Non crediamo che possa servire allo scopo la teoria delle cosiddette maggioranze “bilanciate”. In una parola: le liberalizzazioni d’intesa col Pd, la riforma del mercato del lavoro col sostegno del Pdl. Sarebbe un esercizio – i due maggiori partiti accontentati da una parte e scontentati dall’altra – d’alta acrobazia, ma più che mai illusorio. Già le prime reazioni ne stanno mostrando la precarietà. Sappiamo quanti mal di pancia provochi al Pd, e al suo elettorato di riferimento, il tema del lavoro perché, se è vero che i cambiamenti si impongono e non si può stare solo a difesa dell’esistente, è altrettanto vero che chiedere sacrifici, se non c’è una prospettiva per il lavoro, è profondamente iniquo. Sta di fatto comunque che i primi secchi altolà sono venuti dagli uomini più legati a Berlusconi.
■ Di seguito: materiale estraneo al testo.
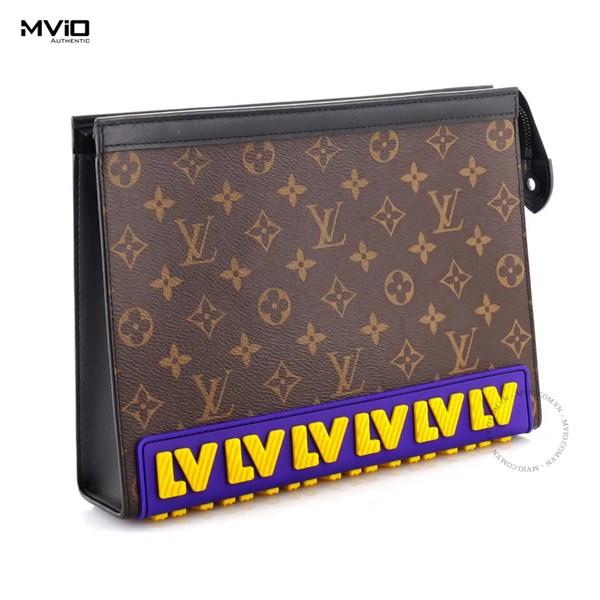 Clutch Louis Vuitton Nâu Monogram LV Vàng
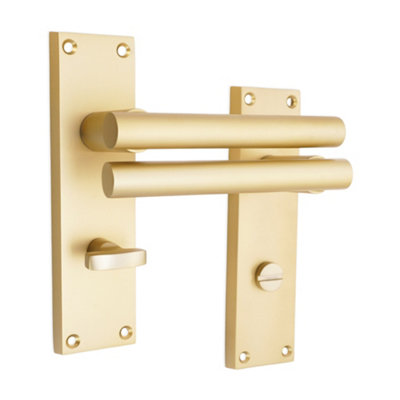 B&Q -  Jura Lever On Backplate Bathroom Satin Brass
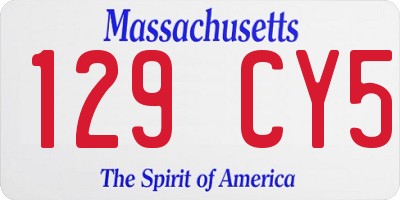 MA license plate 129CY5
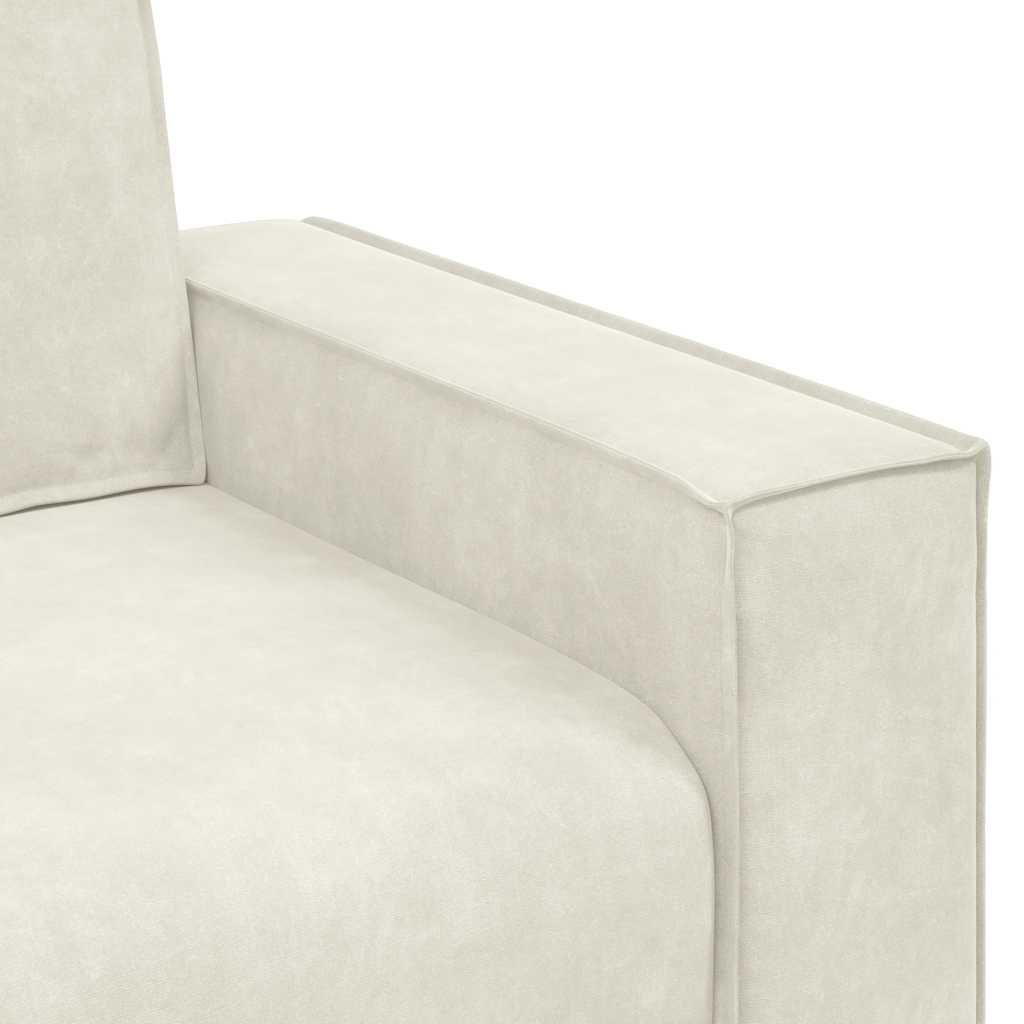 Canapé 2 places velours crème 140 cm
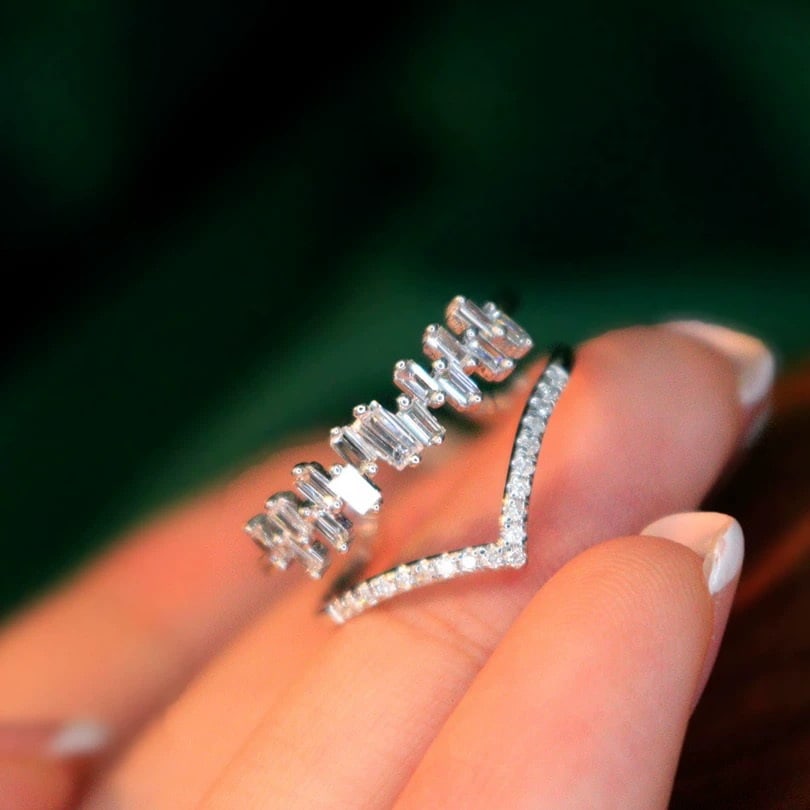 14k Gold 0.4 Ct Natural H Diamond Ring - 3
E questo sul fronte delle liberalizzazioni, agitando il pericolo di uno sbilanciamento dell’esecutivo a vantaggio del partito di Bersani. Certo, questa maggioranza è “strana”. I partiti hanno le loro pesanti responsabilità. Ma i fatti ricordano a chi volesse fare confusione che centrodestra e centrosinistra sono due realtà ben diverse.
Le difficoltà del momento consigliano cautela. Tuttavia, dovrebbe essere evidente che il vecchio cabotaggio politico è ormai impossibile. Le riflessioni delle forze politiche possono essere favorite delle scelte del governo. E’ importante, quindi, il segnale che verrà da Monti e dai suoi ministri. Ma, per stare al tema del lavoro, che è il più caldo, non sembra un buon punto di partenza l’idea di procedere attraverso incontri bilaterali con le forze sociali, secondo il metodo adottato, col passato governo, dal ministro Sacconi. E’ significativo che le reazioni contrarie non siano venute solo dalla Cgil. E’ chiaro che c’è bisogno di scelte tempestive. Anche la “vecchia” concertazione va quindi aggiornata, ma non svuotata di ogni significato. C’è bisogno di una trattativa seria che metta al centro occupazione, giovani, meriti, bisogni, equità sociale, diritti. Di una verifica all’insegna della massima trasparenza.